15th Symposium on Education


Increasing opportunities for minority students through a meteorology course

Joe Omojola, Southern Univ., New Orleans, LA

Available data indicates an acute shortage of manpower in the sciences within the minority population (Special Report, Division of Human Resources, National Science Foundation, No. NSF 92-305, 1992). This shortage is also reflected in the small number of minority professionals in the meteorological fields. This is due to the absence of meteorology courses in HBCUs. Starting in the Spring 2006 semester, Southern University at New Orleans (SUNO) is joining a host of other minority serving institutions to address this shortage by offering an introductory course in meteorology at the sophomore level.

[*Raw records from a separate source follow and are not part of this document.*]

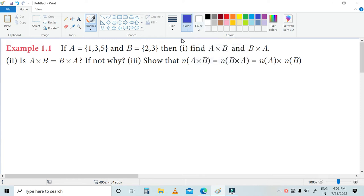Hi friends, welcome to our channel. In this video, we are going to talk about 10th standard Mathematics, first unit, example 1.1.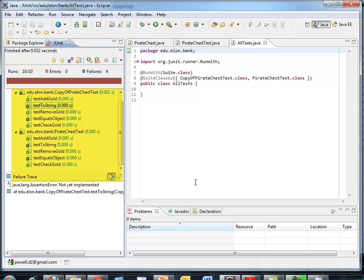So that was a quick intro to JUnit. We'll do an exercise with this on Wednesday. And you'll be using this for homework. Okay, thank you.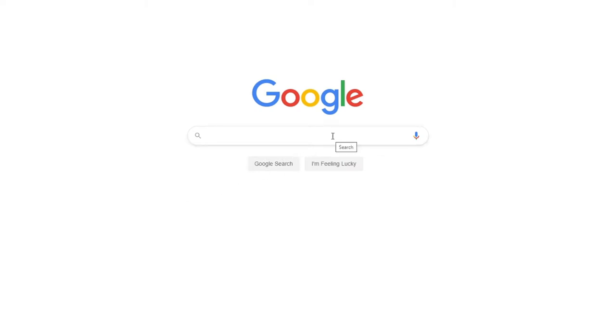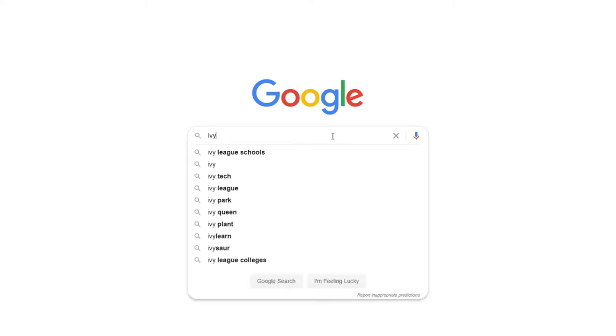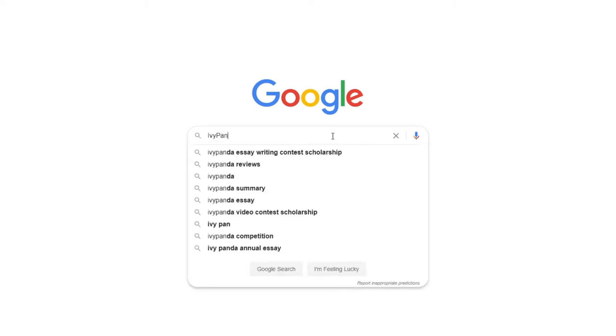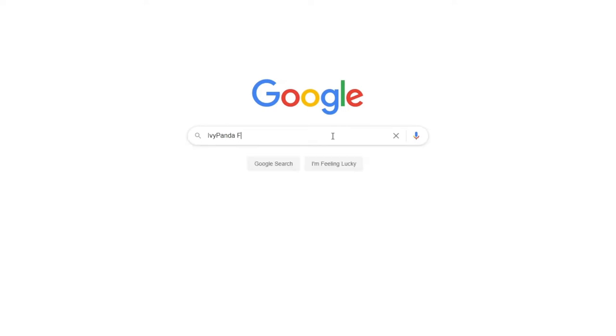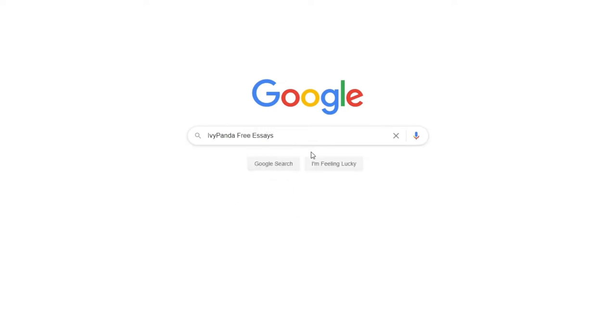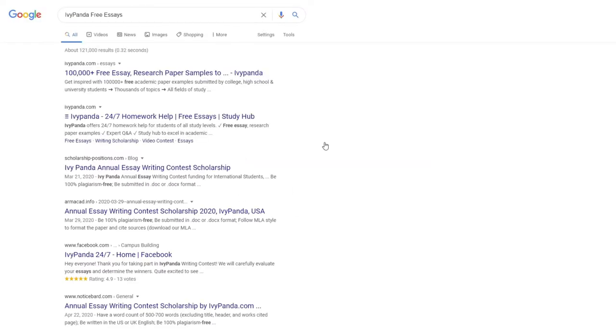This essay example, as well as thousands of others, is available in text format on our website for free and without registration. Simply Google Ivy Panda Free Essays.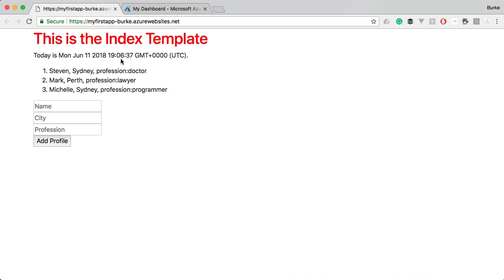As you can see, I've got our app that we've been working on deployed to Azure here. If you check that nifty URL.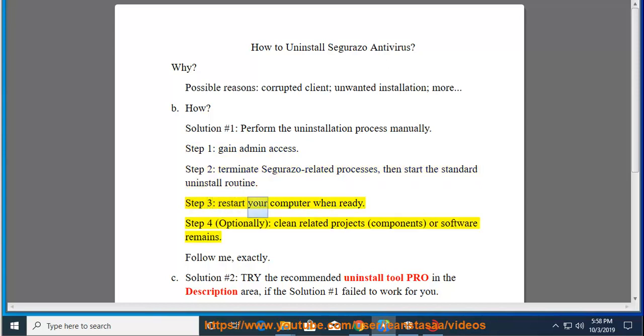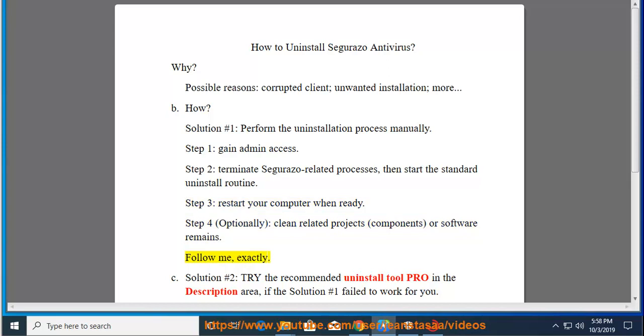Step 3: restart your computer when ready. Step 4: optionally clean related projects, components, or software remains. Follow along exactly.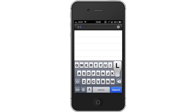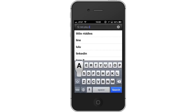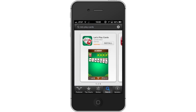Next, type Let's Play Cards. Assisted search results will help you find what you're looking for. Hit Search. The Let's Play Cards app will be the first option shown. Hit Install and the app will automatically begin downloading.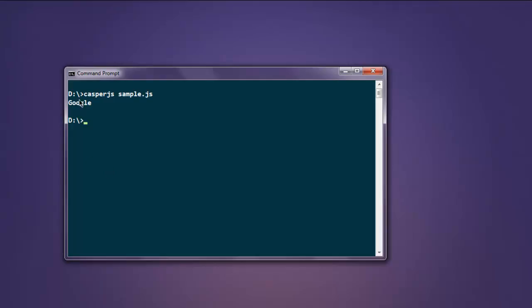And here you'll find the page title Google listed right here. Like this, you can perform other testing operations as well, like finding page elements using ID, XPath, etc. You can also perform logging of errors. So this is a simple video on how to use CasperJS for browser testing.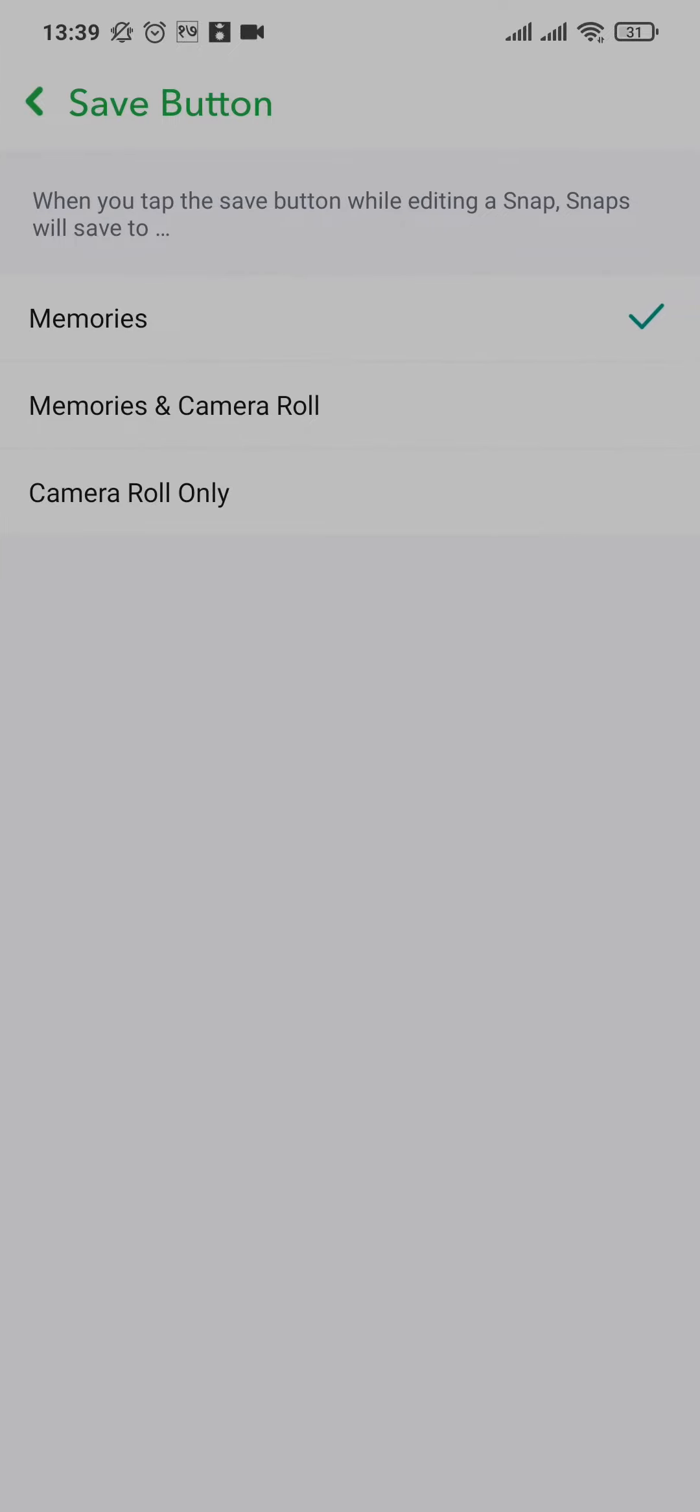This way automatically all of your camera roll, whether it be photos or videos, will be automatically backed up to your snap.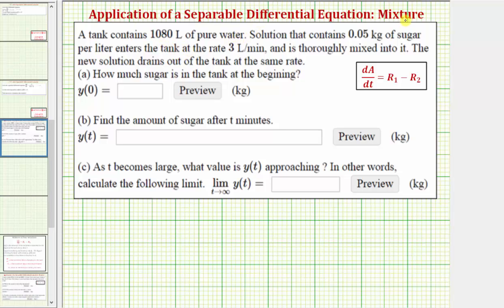Welcome to an example of a mixture problem that can be solved using a separable differential equation. A tank contains 1,080 liters of pure water. A solution that contains 0.05 kilograms of sugar per liter enters the tank at a rate of 3 liters per minute and is thoroughly mixed. The new solution drains out of the tank at the same rate.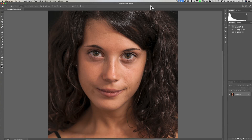Hey guys, this is Anthony Morganti. I am MrPhotographer.com. Recently someone asked me if I could do a video demonstrating frequency separation. Frequency separation is a great technique for retouching skin. Now it's a multi-step process and it does involve a formula, but the good news is the first several steps and the formula are pretty much the same for every image.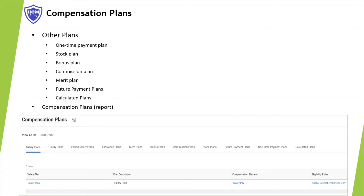Similarly, you can define other plans mentioned here. You may use the compensation plans report to see all the compensation plans defined in your tenant.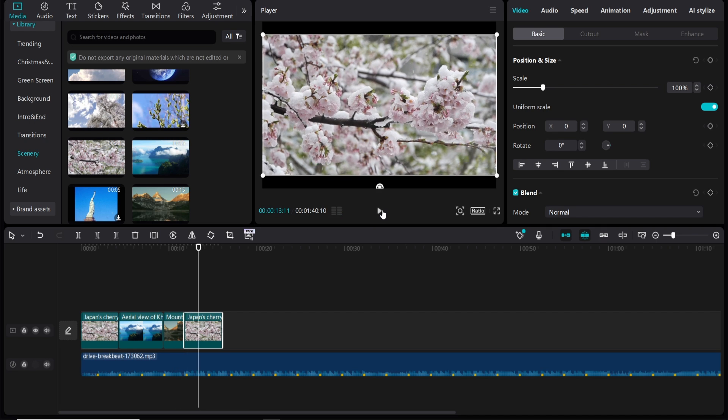And there you go. That's how you can get videos to essentially sync with the beat in CapCut. It's great for TikToks and short form. That was just a quick tip. I hope that video did help you guys out.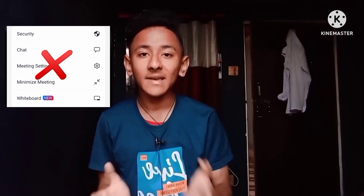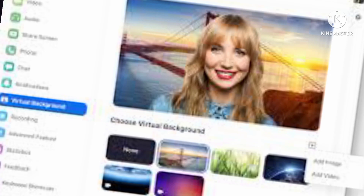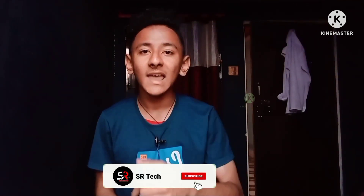Hello everyone, welcome back to the SRD Group channel. I'm Missahol Rahman and you're watching the SRD Group channel. If you want to use the virtual background feature in your mobile phone on the Zoom application, you can see here there is no virtual background option. So now how can you use this feature from your mobile phone easily in 2022? I'll show you the trick in this video, but please hit the like button and subscribe to my channel.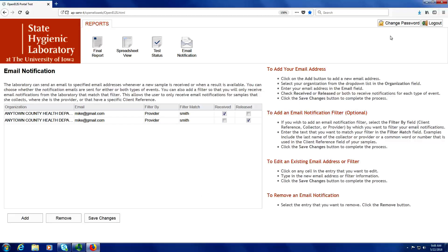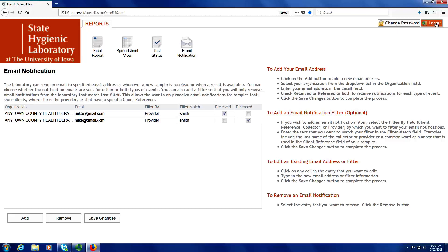Lastly, you can click on the change password button in the top right corner to change your password. When you're done using the OpenELIS web portal, it is important to log out of the system. This is especially important if you have clinical samples because those would contain protected health information.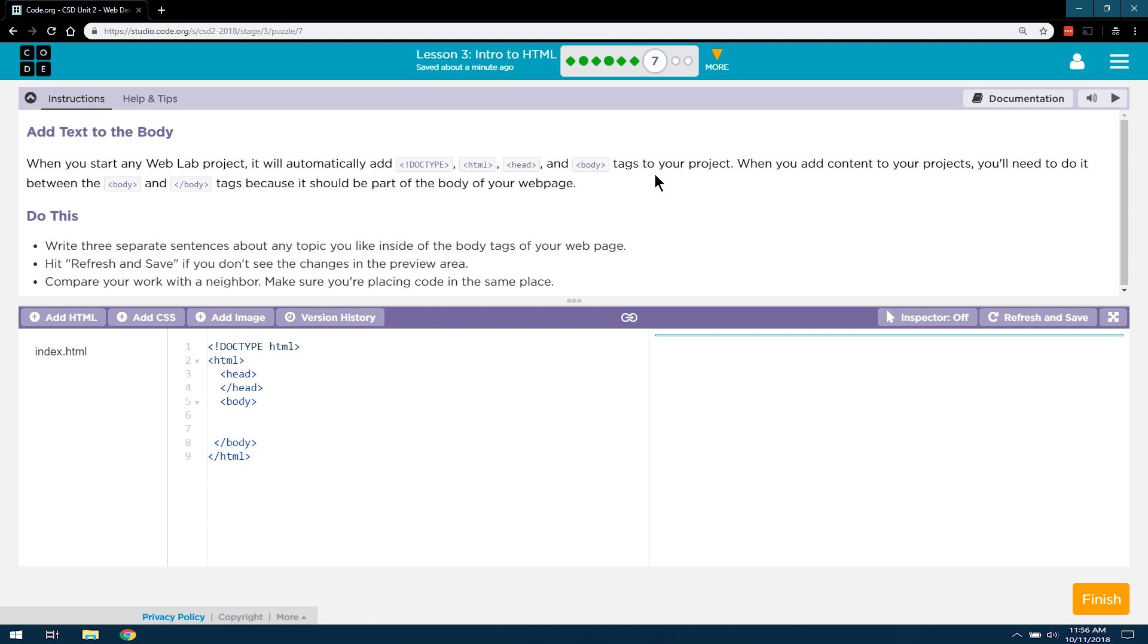When you add content, I'm just going to go back over this. When you add content to your projects, you'll need to do it between the body and the closing body tags, because it should be part of the body of your web page. Makes sense to me? Hopefully to you as well.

This course will be taught in a computer lab using the materials provided by the American Meteorological Service (AMS). It is intended that the course will serve to fulfill the general science educational requirement for all majors. Additionally, the course would be used to fulfill the earth science elective for pre-service teachers and as an in-service training for science teachers at all levels. Through this course, teachers will be equipped with the knowledge and skills to introduce meteorology to their students much earlier than presently available. The two field trips planned for the course are visits to the weather department of a local TV station and the NOAA's facility in Slidell, Louisiana. Preparations for this course are documented in this poster presentation.